How to make better hiring decisions
Thursday, April 24, 2014
The best applicant and the best employee are rarely one in the same, so I recommend following a "hire tough, manage easy" philosophy. Even if you occasionally miss the mark, you will still be hiring to a higher standard.
The following "best practices" will help you build an excellent team:
1. There are two parts to every interview: gathering information and evaluating that information. To the best of your ability, keep them separate. Most interviewers have a tendency to let one good or bad answer skew their take on subsequent responses.
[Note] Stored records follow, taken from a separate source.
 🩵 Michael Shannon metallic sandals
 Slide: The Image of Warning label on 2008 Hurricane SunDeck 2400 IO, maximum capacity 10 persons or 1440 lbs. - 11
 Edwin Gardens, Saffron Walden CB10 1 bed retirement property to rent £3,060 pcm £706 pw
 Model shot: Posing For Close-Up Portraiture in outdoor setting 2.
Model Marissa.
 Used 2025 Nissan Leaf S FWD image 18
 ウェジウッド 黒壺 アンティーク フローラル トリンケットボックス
Avoid having a single "perfect" response cause you to overlook faults or inconsistencies in later answers, or a single less-than-stellar response jade your perception of an otherwise outstanding candidate.
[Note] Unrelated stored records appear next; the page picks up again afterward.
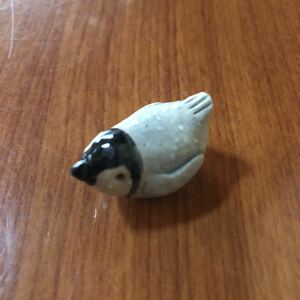 〈送料無料〉箸置き ふくらすずめ ソラマメ商会 豆屋 小鳥 鳥 雀 ミニチュア 箸置 はしおき オブジェ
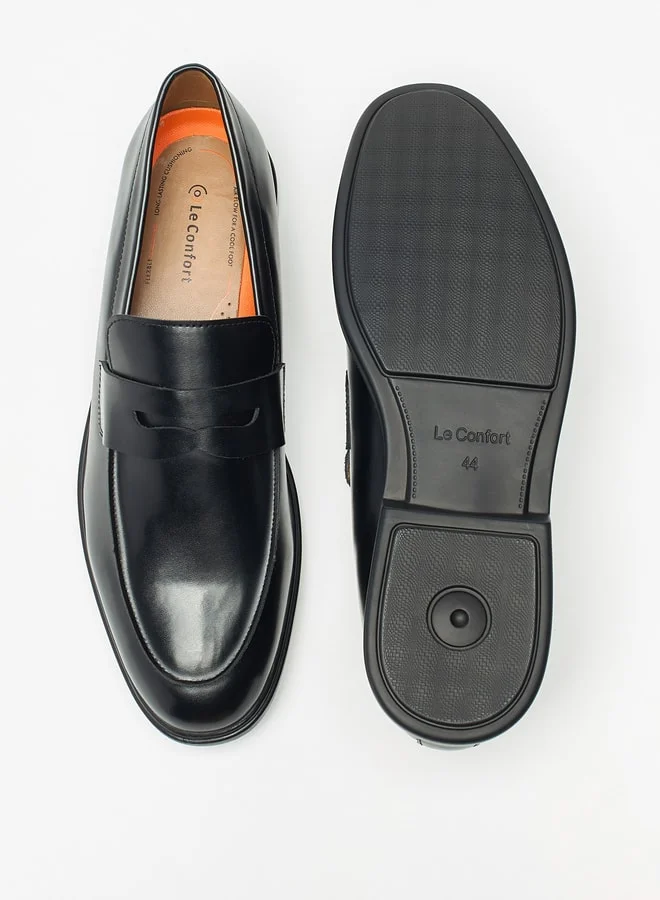 لو كونفورت Men Solid Slip-On Loafers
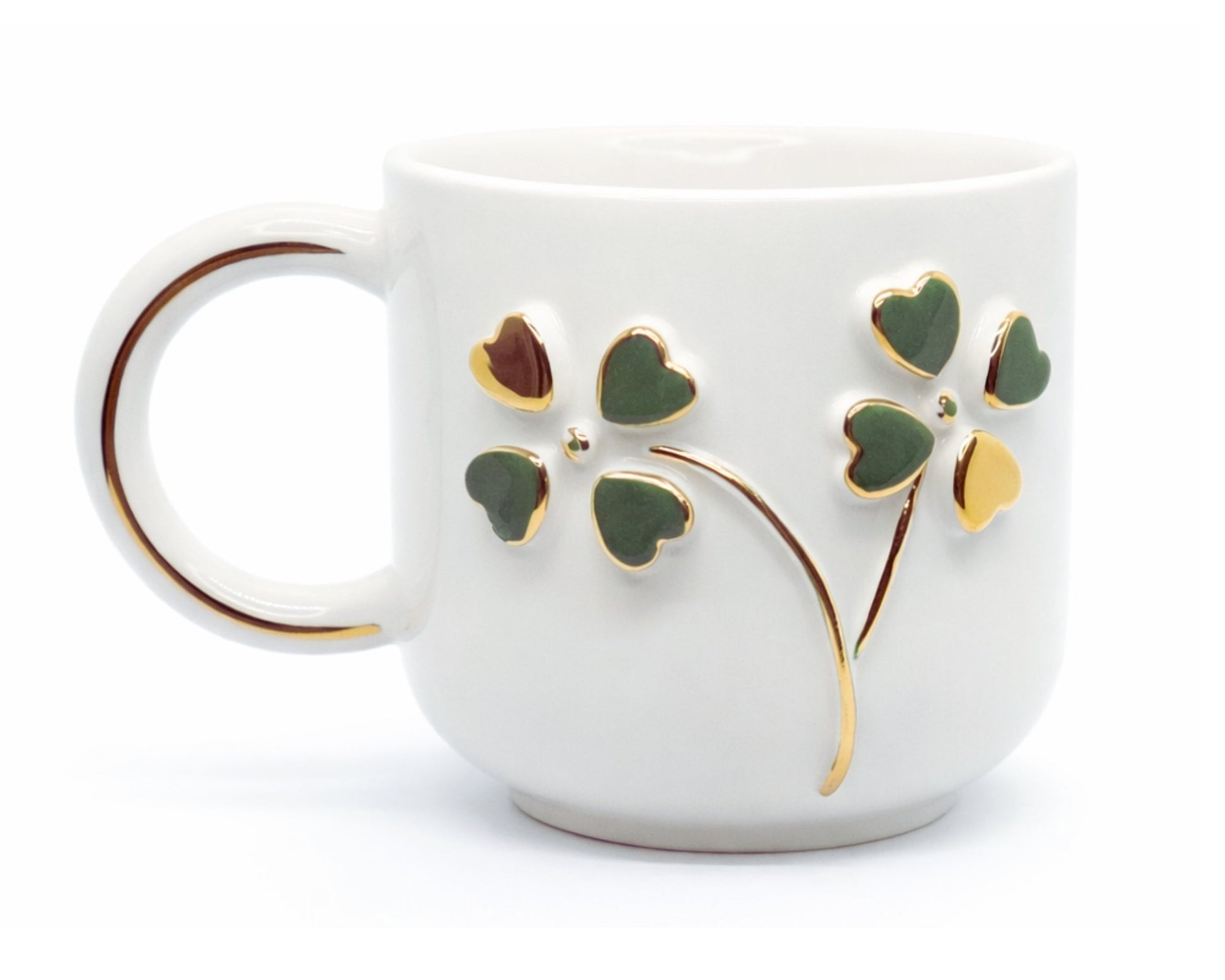 Hediyelik zarif beyaz çiçek desenli el yapımı seramik kupa, 24K altın dekorlu premium handmade flowers temalı tasarım mug.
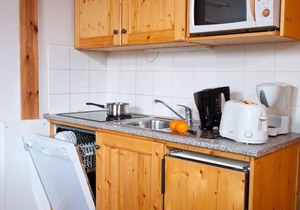 Wifi, 200m from ski slopes, fitness, swimming pool, terrace, balcony, parking, 80-90m²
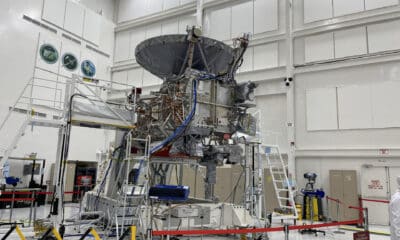 Fotografía de archivo del 11 de abril donde se muestra la nave espacial Europa Clipper desplegada en el Laboratorio de Propulsión a Chorro de la NASA en Pasadena, California (EE.UU.). EFE/Ana Milena Varón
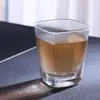 Taza de agua de vidrio simple de alto valor diseño de nicho taza para bebida de jugo taza creativa para whisky cerveza venta al por mayor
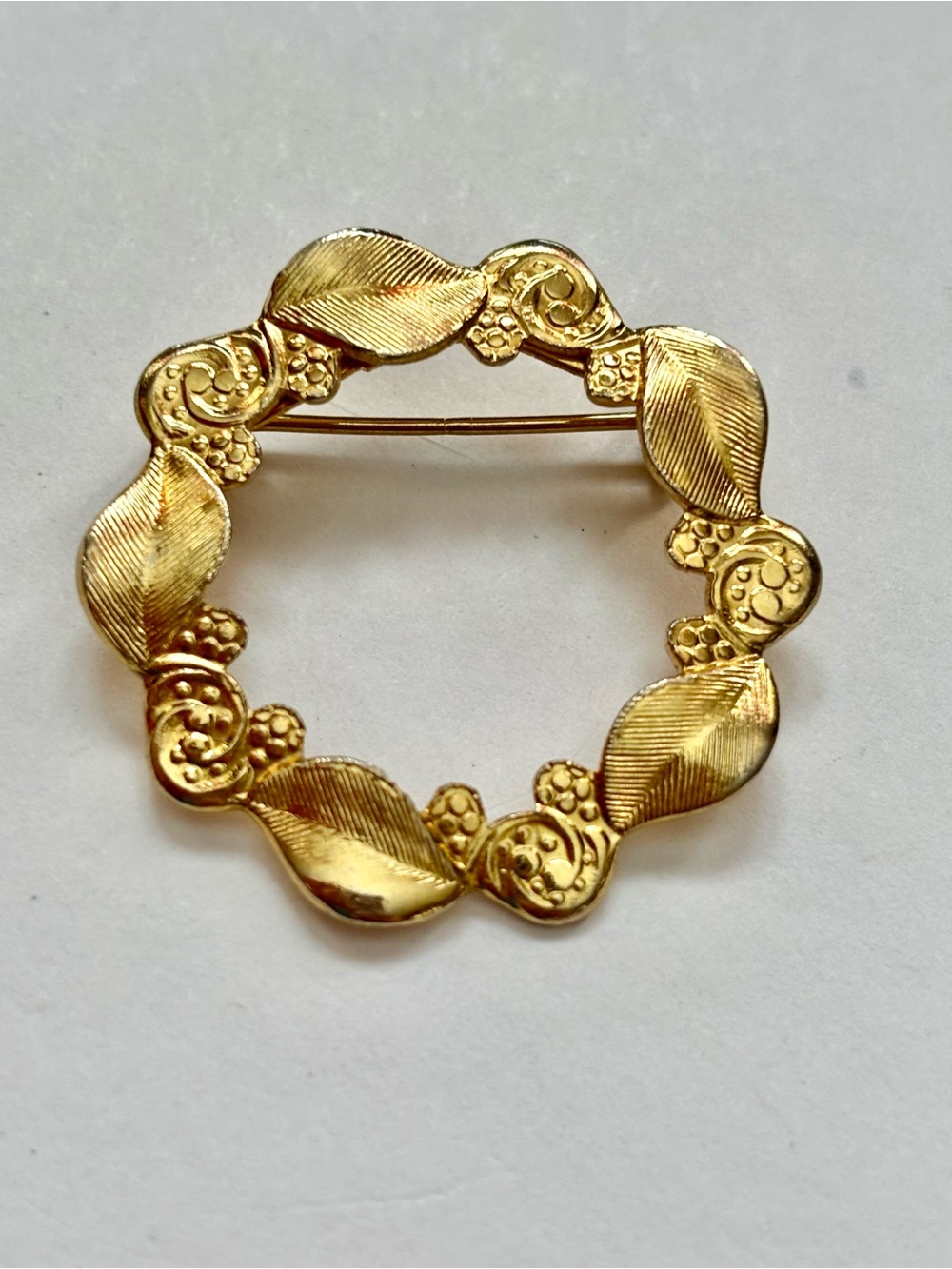 Vintage estate sale Gold plated Leaf Wreath Brooch - Classic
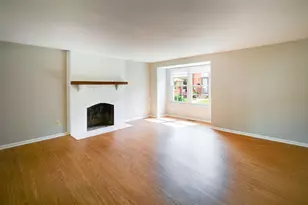 1689 St Albans Ct, Columbus, OH 43220 - Photo 6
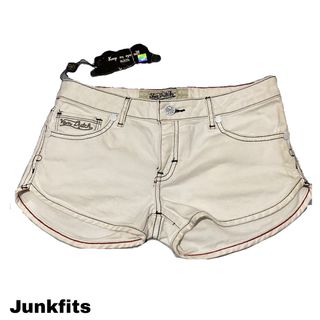 (Category: ) located in . Submitted by junkfits (Listing ID 1418899790, Image 1). Description: .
2. Rather than rely on your memory or notes, after each interview immediately fill out a standardized interview evaluation form. Such a document enables you to identify and score personality traits, as well as talents, skills and abilities that can lead to an employee's success on the job.
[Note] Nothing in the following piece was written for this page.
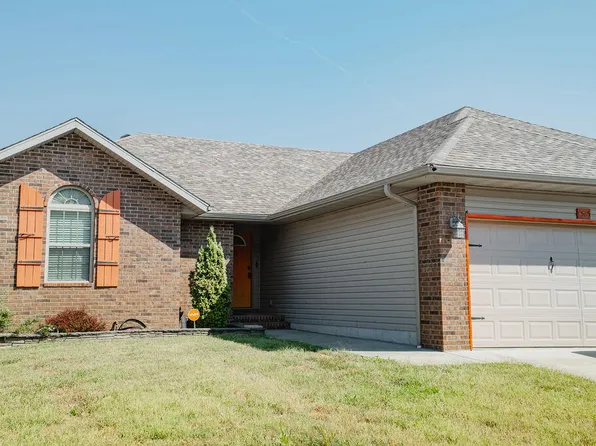 4565 W Greenridge Street, Springfield, MO 65807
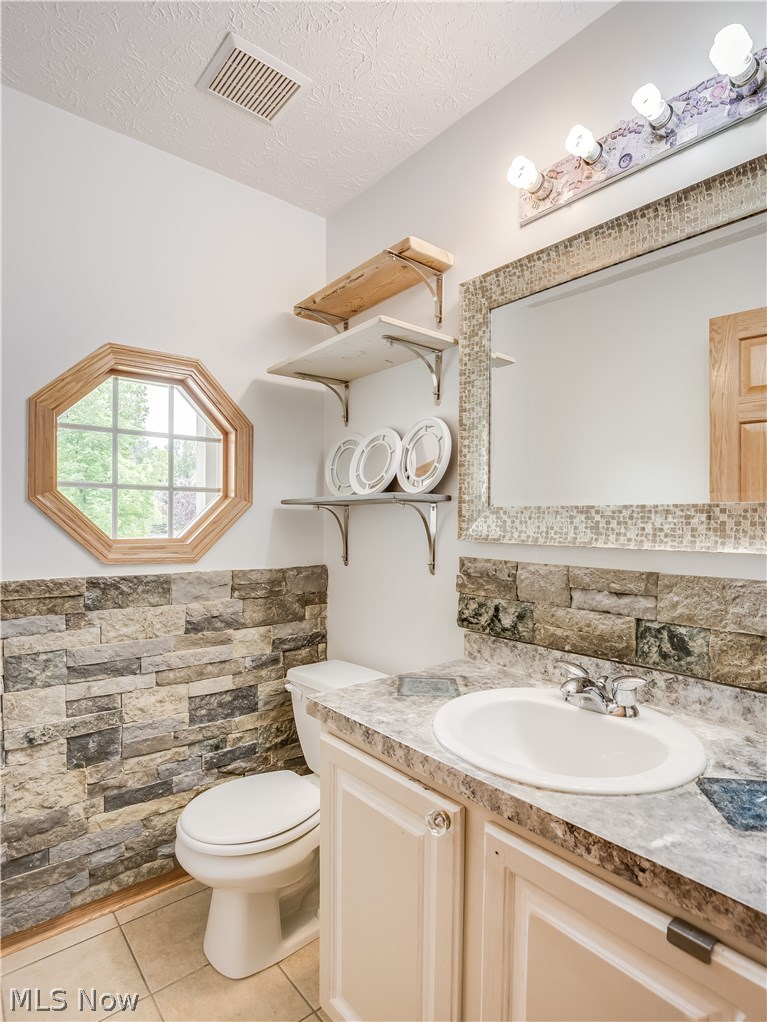 2826 Forestview Street Northeast Canton, OH 44721 - Photo 29 of 34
3. If you are responsible for screening job applicants before referring them to others for interviews, keep your findings to yourself. Don't influence their perception of a candidate; the fact that you passed a candidate on is your tacit stamp of approval. After all interviews and testing have been completed, then it’s time to compare notes and contribute to the hiring decision.
4. Always check references. According to The Society for Human Resource Management, 20-25 percent of all resumes and applications contain at least one major discrepancy. If you don't check references and it turns out an employee's employment record has been falsified, you can be held accountable and at risk for a negligent hiring lawsuit.
5. If you make the final hire/don't hire decision, consider the following suggested formula:
- 30 percent: Results of any pre-employment testing
- 30 percent: Interview performance
- 30 percent: Results of the reference check
- 10 percent: Your feelings, intuition and opinion should count for a small portion because, no matter how hard you may try to eliminate your biases, they still come into play
If the applicant scores poorly in any one of these areas, it should be a deal breaker. However, an exceptional rating in any one area shouldn't, on its own, get someone hired. You want good ratings in all four areas before you make an offer of employment.